# Exercise
A faithful copy is required: retype the records from their first line through the line with "Hi guys! Today", and omit the pictures.

-------- Available records

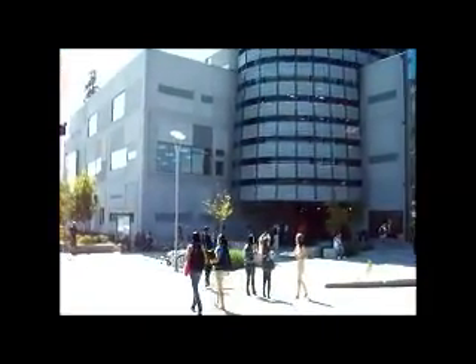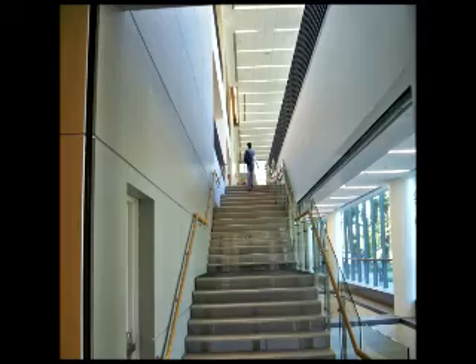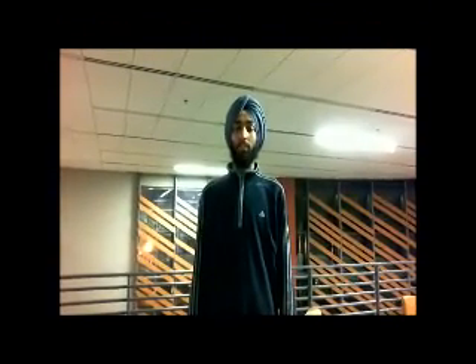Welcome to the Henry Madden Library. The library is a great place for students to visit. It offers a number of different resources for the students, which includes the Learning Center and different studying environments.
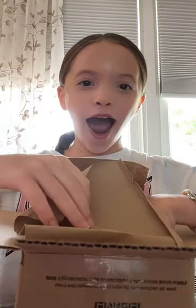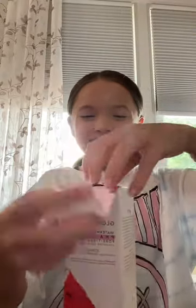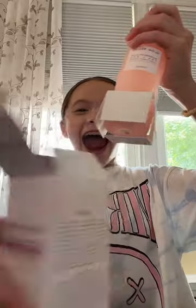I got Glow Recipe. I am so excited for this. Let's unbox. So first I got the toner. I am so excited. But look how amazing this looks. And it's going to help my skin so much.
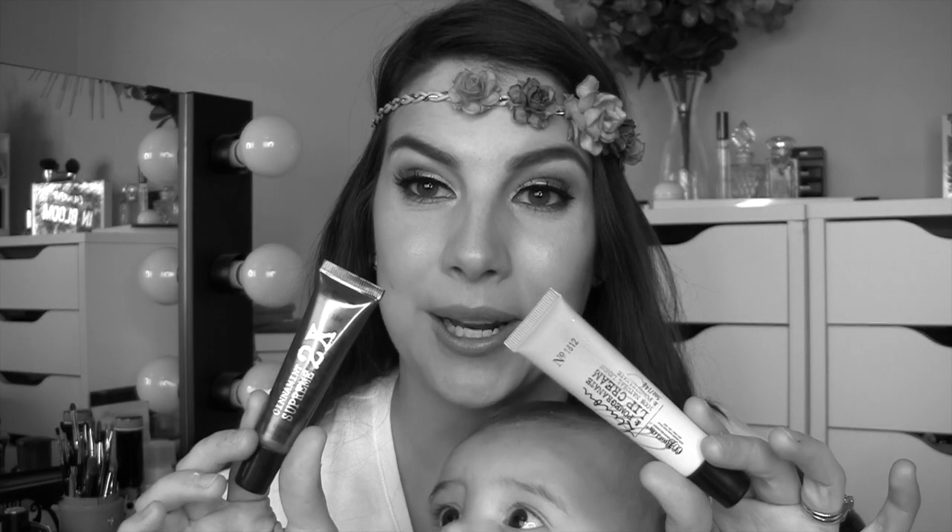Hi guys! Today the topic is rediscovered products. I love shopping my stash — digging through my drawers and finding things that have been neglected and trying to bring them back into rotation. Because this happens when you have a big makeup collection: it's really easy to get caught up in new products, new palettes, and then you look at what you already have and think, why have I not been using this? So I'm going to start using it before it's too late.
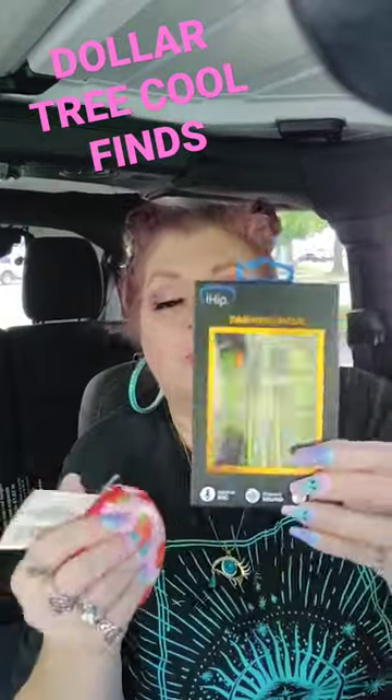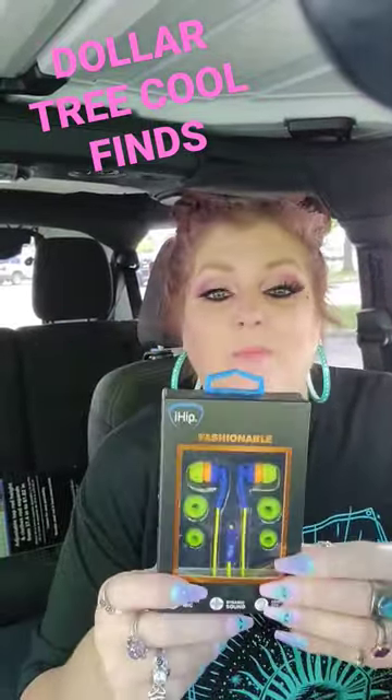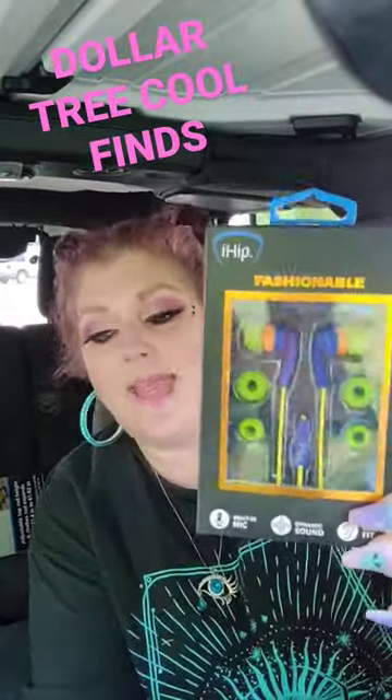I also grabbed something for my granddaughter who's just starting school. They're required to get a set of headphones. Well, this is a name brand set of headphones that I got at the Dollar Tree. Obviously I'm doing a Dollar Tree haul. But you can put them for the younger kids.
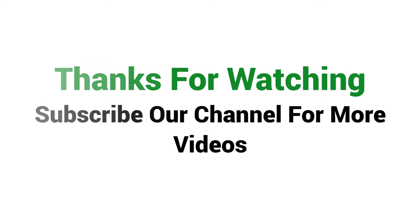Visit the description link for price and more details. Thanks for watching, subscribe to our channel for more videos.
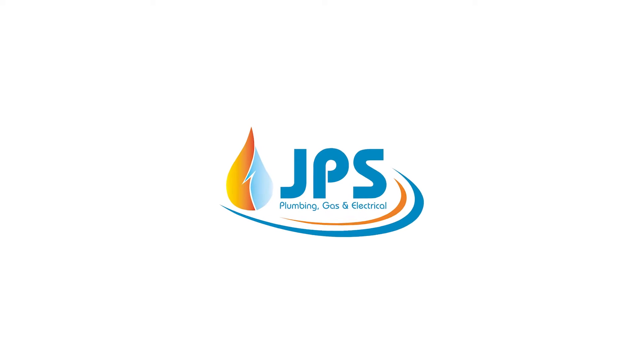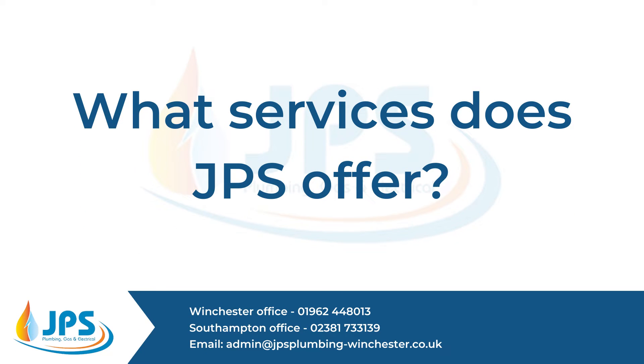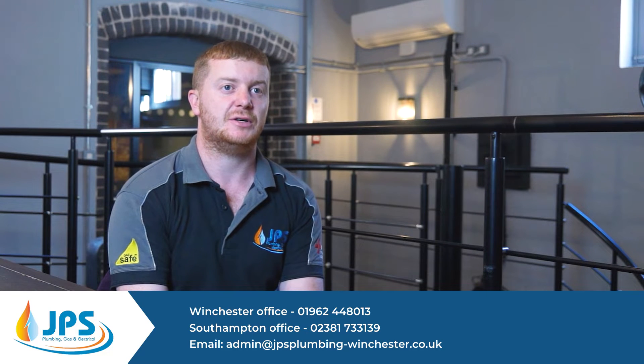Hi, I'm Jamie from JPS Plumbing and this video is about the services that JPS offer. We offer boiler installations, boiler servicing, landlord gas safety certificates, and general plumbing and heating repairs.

----------------

# Expected answer
Welcome to the Henry Madden Library. The library is a great place for students to visit. It offers a number of different resources for the students, which includes the Learning Center and different studying environments.
I got Glow Recipe. I am so excited for this. Let's unbox. So first I got the toner. I am so excited. But look how amazing this looks. And it's going to help my skin so much.
Hi guys! Today the topic is rediscovered products. I love shopping my stash — digging through my drawers and finding things that have been neglected and trying to bring them back into rotation. Because this happens when you have a big makeup collection: it's really easy to get caught up in new products, new palettes, and then you look at what you already have and think, why have I not been using this? So I'm going to start using it before it's too late.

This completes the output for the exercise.